Description of the task :: What is needed is an exact copy of the records below, minus any pictures.

Extracted records
[Start of Attachment]
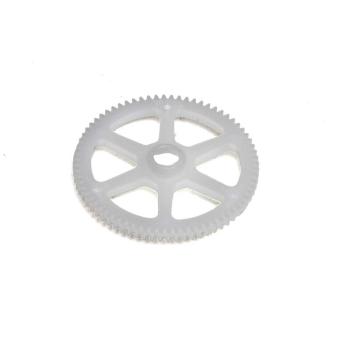 Blade Main Gear: Revolution 90 FP - BLH01108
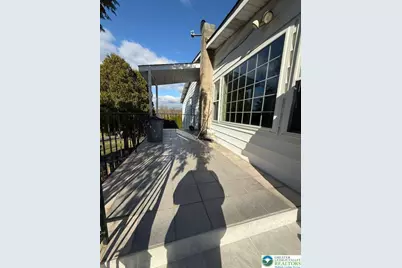 338 Washington Boulevard, Washington Twp, PA 18013 - Photo 2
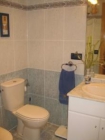 Piso seminuevo en perfecto estado - mejor precio | unprecio.es
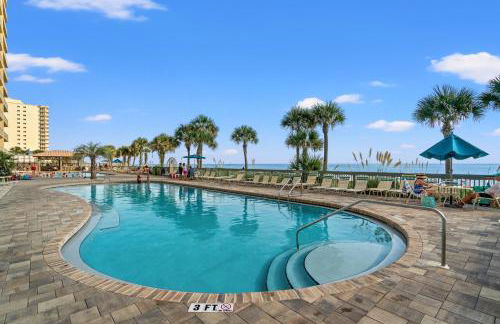 Gulf Crest #0106 - Foto 29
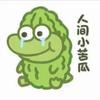 AXI中的awlen、awsize的理解 - 知乎
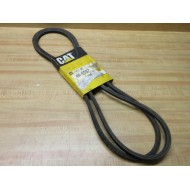 Caterpillar 4N-8597 CAT V-Belt 4N8597 (Pack of 2)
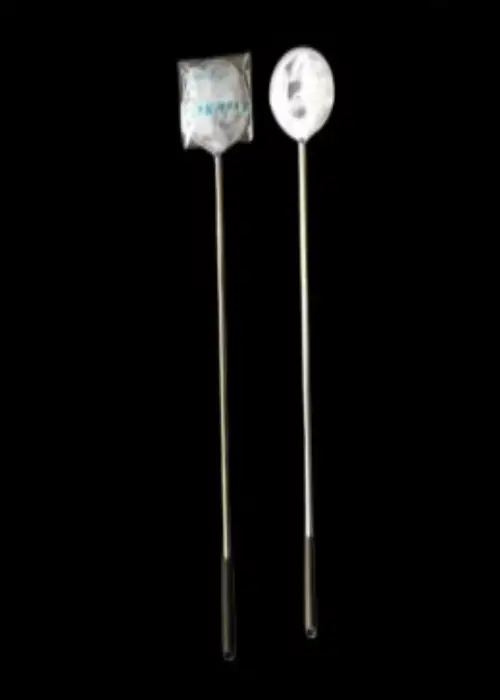 تور ماهیگیری RF-6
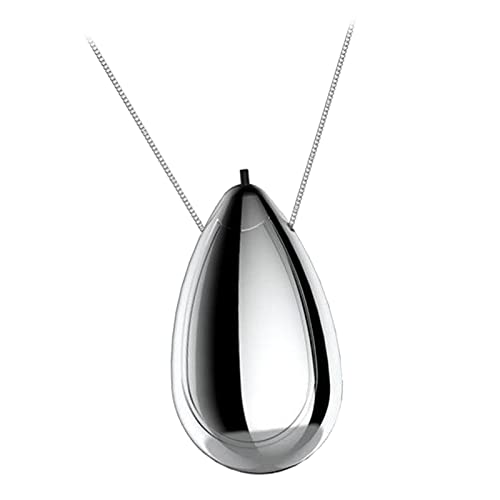 predolo Kompakter Luftreiniger mit USB-Anschluss für unterwegs predolo Kompakter Luftreiniger mit USB-Anschluss für unterwegs von predolo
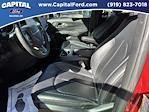 2025 Chrysler Pacifica FWD Minivan for sale #PB63743 - photo 17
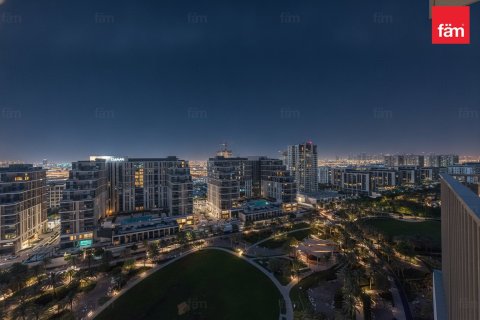 3 bedrooms Apartment in Dubai Hills Estate, UAE No. 173304 26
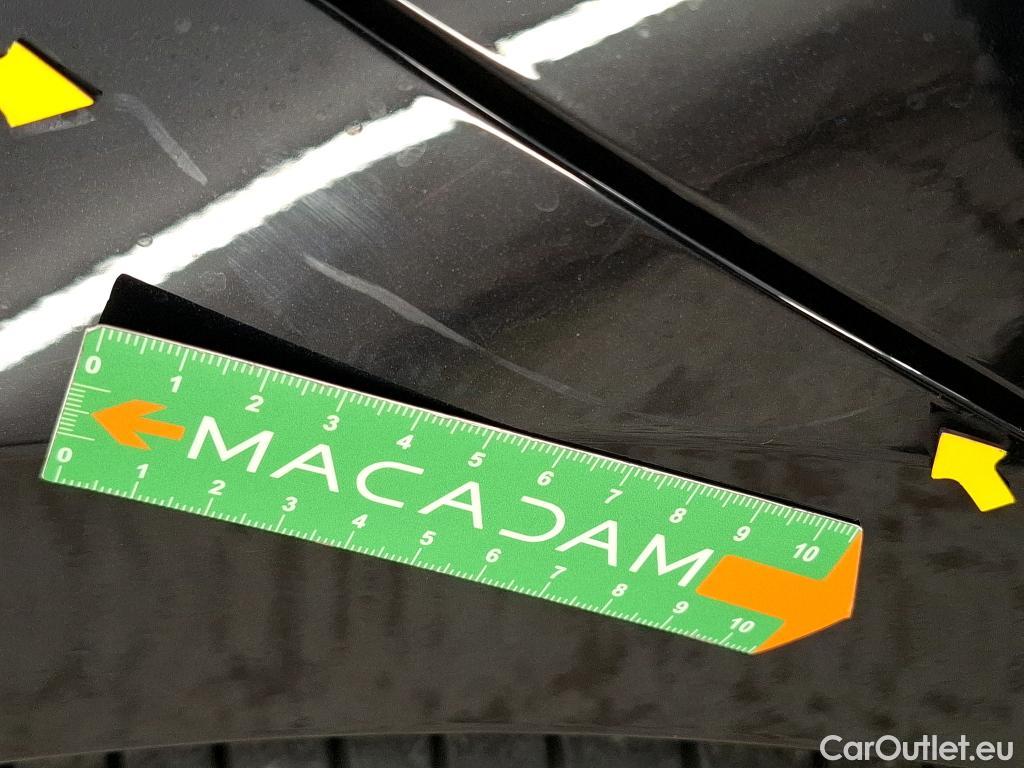  Volkswagen  Golf  / 2020 / 5P / Berline 2.0 TDI SCR 115 DSG7 LIFE BUSINESS #16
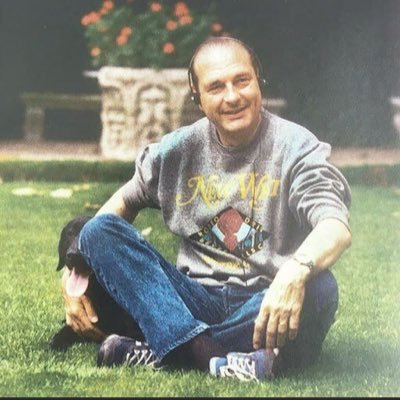 rajelicious's profile picture. 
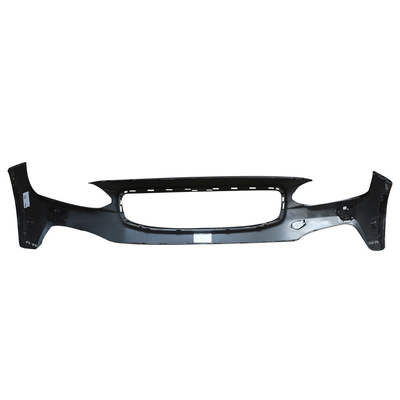 39839854 for -Autoteil-Metall Front Bumper Standard Size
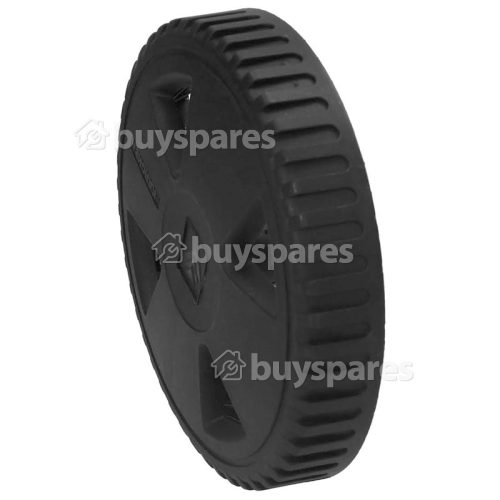 Karcher K2 Hochdruckreiniger-Rad | BuySpares Germany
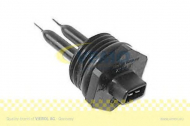 Датчик VEMO V10-99-0024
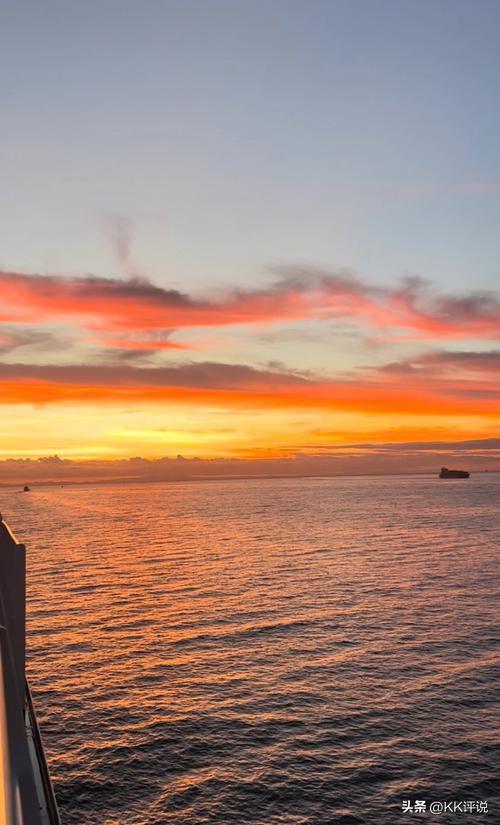 旅游不止打卡！教你避开千篇一律，发现独特美景与深度体验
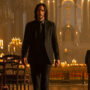 John Wick: Chapter 4 new poster shows Wick calming ahead of storm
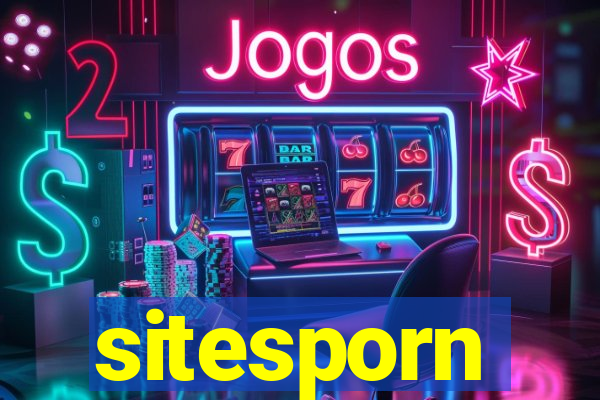 sitesporn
[End of Attachment]
Exercise output ::
 Blade Main Gear: Revolution 90 FP - BLH01108
 338 Washington Boulevard, Washington Twp, PA 18013 - Photo 2
 Piso seminuevo en perfecto estado - mejor precio | unprecio.es
 Gulf Crest #0106 - Foto 29
 AXI中的awlen、awsize的理解 - 知乎
 Caterpillar 4N-8597 CAT V-Belt 4N8597 (Pack of 2)
 تور ماهیگیری RF-6
 predolo Kompakter Luftreiniger mit USB-Anschluss für unterwegs predolo Kompakter Luftreiniger mit USB-Anschluss für unterwegs von predolo
 2025 Chrysler Pacifica FWD Minivan for sale #PB63743 - photo 17
 3 bedrooms Apartment in Dubai Hills Estate, UAE No. 173304 26
  Volkswagen  Golf  / 2020 / 5P / Berline 2.0 TDI SCR 115 DSG7 LIFE BUSINESS #16
 rajelicious's profile picture. 
 39839854 for -Autoteil-Metall Front Bumper Standard Size
 Karcher K2 Hochdruckreiniger-Rad | BuySpares Germany
 Датчик VEMO V10-99-0024
 旅游不止打卡！教你避开千篇一律，发现独特美景与深度体验
 John Wick: Chapter 4 new poster shows Wick calming ahead of storm
 sitesporn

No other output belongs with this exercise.